Toutes sanctions cumulées (anciennes et nouvelles), Pyongyang perdait 90% de ses exportations de textile (un marché de 726 millions de $) et son droit à exporter de la main d’œuvre. Elle subissait également un embargo partiel et progressif sur le pétrole brut et produits dérivés (-30%), et total sur le gaz naturel. Elle ne recevrait plus que 2 millions de baril par an, via le pipeline chinois Dandong-Sinuiju, exempté de l’embargo sous la pression de Pékin et Moscou. En effet, il fallait éviter de pousser Pyongyang au désespoir. En même temps, Chine et Russie réitéraient leur hostilité bien connue à tout changement de régime, toute attaque militaire, tout réunification immédiate et tout franchissement de la Zone Démilitarisée. En arrachant l’exemption de son oléoduc, Pékin obtenait un avantage considérable : devenant le fournisseur exclusif d’or noir à Pyongyang, elle augmentait considérablement son bras de levier potentiel sur le Pays du Matin Calme.
Quelles seront les conséquences du blocus ? Il va évidemment bloquer l’essentiel de, voire toute la croissance nord-coréenne—à condition que tous les pays membres de l’ONU le respectent, et que la Corée ne trouve pas moyen de le contourner—par exemple en réétiquetant ses cotonnades comme « made in China ». Sans nul doute, le pays va souffrir, surtout sa population qui aura plus de mal à s’éclairer, faire sa cuisine ou se déplacer.

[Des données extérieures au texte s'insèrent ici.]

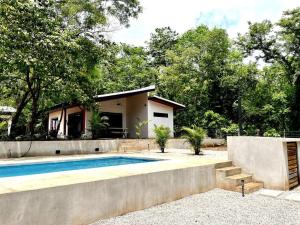 3 Bdr Villa With Pool , Near beach, Fast Wifi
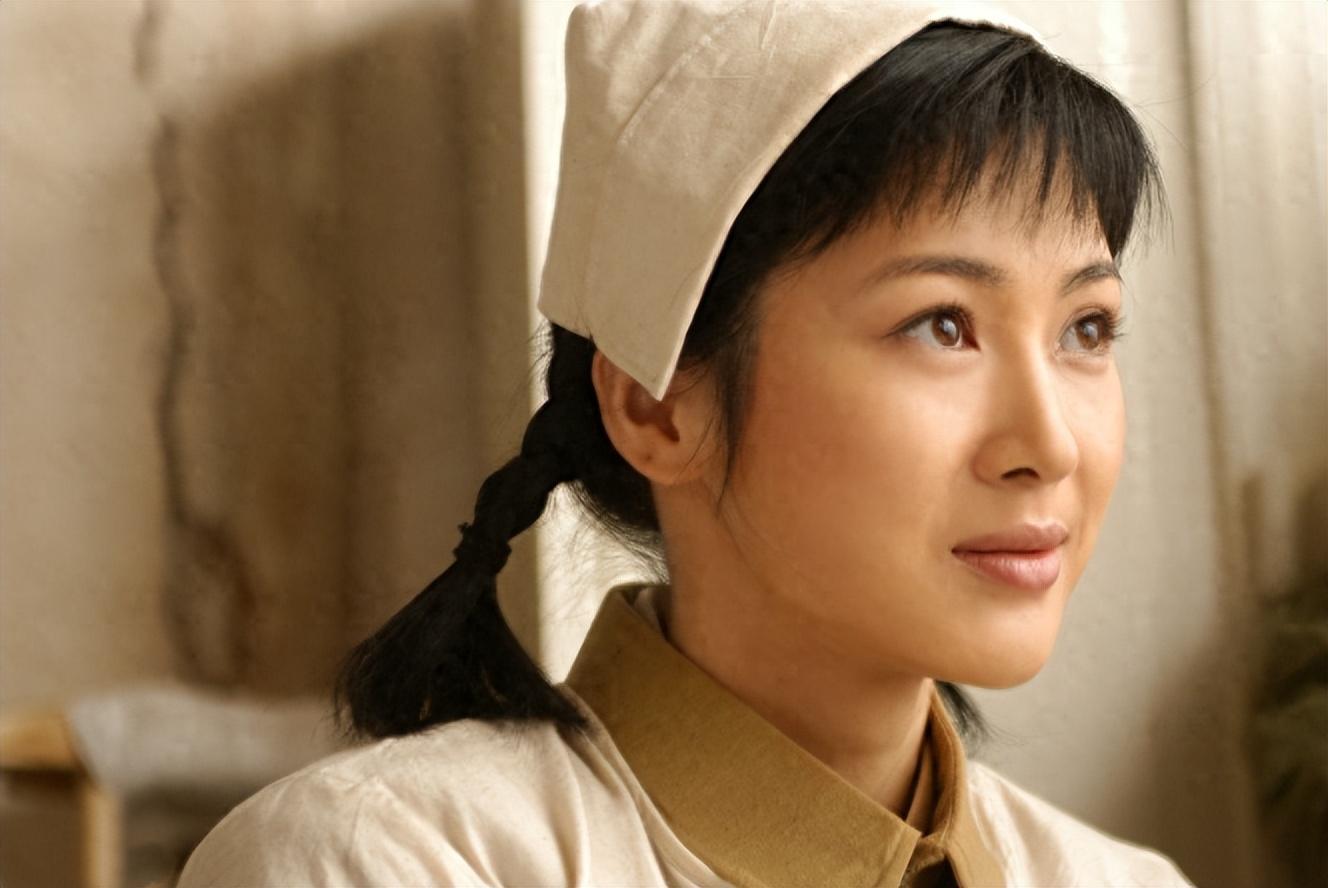 "亮剑女神"童蕾:32岁嫁温州首富,丈夫入狱后留给她1.4亿债务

Par contre, les espoirs de D. Trump de contraindre Kim Jong-un à renoncer à la bombe, relèvent plus du rêve que de la réalité. Fanatisée, la population est prête à tous les sacrifices. En outre depuis 30 ans, le pays a évolué vers plus d’autonomie : les bus roulent au gazogène, les balcons portent des panneaux solaires, et le pays investirait dans la liquéfaction du charbon (une ressource abondante). De la sorte, selon l’AIE, la demande électrique nord-coréenne a baissé de moitié par rapport aux années ‘90.
Pékin est surement sincère dans son appel contre la guerre et le chaos. Outre le risque nucléaire sur son propre sol, elle risquerait de voir Pyongyang, avec ses 70 mini-sous-marins, bloquer la route du pétrole arabe vers Chine, Corée du Sud et Japon, 34% du marché mondial.
Mais contestant la thèse officielle chinoise, le professeur Jia Qingguo, de l’Université Beida, plaide qu’il est temps de se préparer avec les Etats-Unis à une guerre inévitable, de négocier le partage des tâches. Quelle armée pénétrerait en Corée du Nord ? L’APL, l’US Army, ou les deux ? Comment prévenir l’afflux de réfugiés ? Jia parle de faire créer par l’APL des camps dans une zone-tampon en Corée du Nord. Et surtout, quel régime en Corée du Nord pour remplacer l’actuel ? Questions qu’il laisse sans réponse… Quoique improbable, la coopération qu’appelle Jia, exprime les doutes à travers la Chine, sur la valeur d’une alliance avec la Russie, sur le dossier coréen. Jia rappelle, au fond, que sur l’influence future sur la Corée du Nord, qui est le nœud du problème, Pékin et Moscou sont moins alliés, que rivaux !
Néanmoins, les nouvelles sanctions votées au Conseil de Sécurité le 11 septembre ne semblent pas avoir eu grand effet. La preuve : 100 heures après (15 septembre), Pyongyang lançait un nouveau missile sur une trajectoire de 3700km vers le Pacifique – à portée de l’île américaine de Guam. C’est de plus en plus clair, un pays puissance nucléaire, armé jusqu’aux dents et n’ayant rien à perdre, ne se laissera pas « pacifier » comme cela. Inutile de le dire, la paix est encore loin.
1 Commentaire
severy
18 septembre 2017 à 16:01Il faudrait faire très vite afin d’éviter une énième famine de la population tenue en otage par le régime de Pyongyang. L’option militaire est tout-à-fait réalisable et ne prendrait que quelques heures mais le risque le plus grand est celui que court la population de la capitale sud-coréenne, à portée de l’artillerie nord-coréenne. Il s’agit de décapiter un régime aussi « chirurgicalement » que possible et ensuite de s’occuper des dizaines de millions d’habitants de ce vaste camp de prisonniers. Ca ne s’improvise pas. L’ONU devra s’inclure dans la gestion de cette « crise humanitaire ».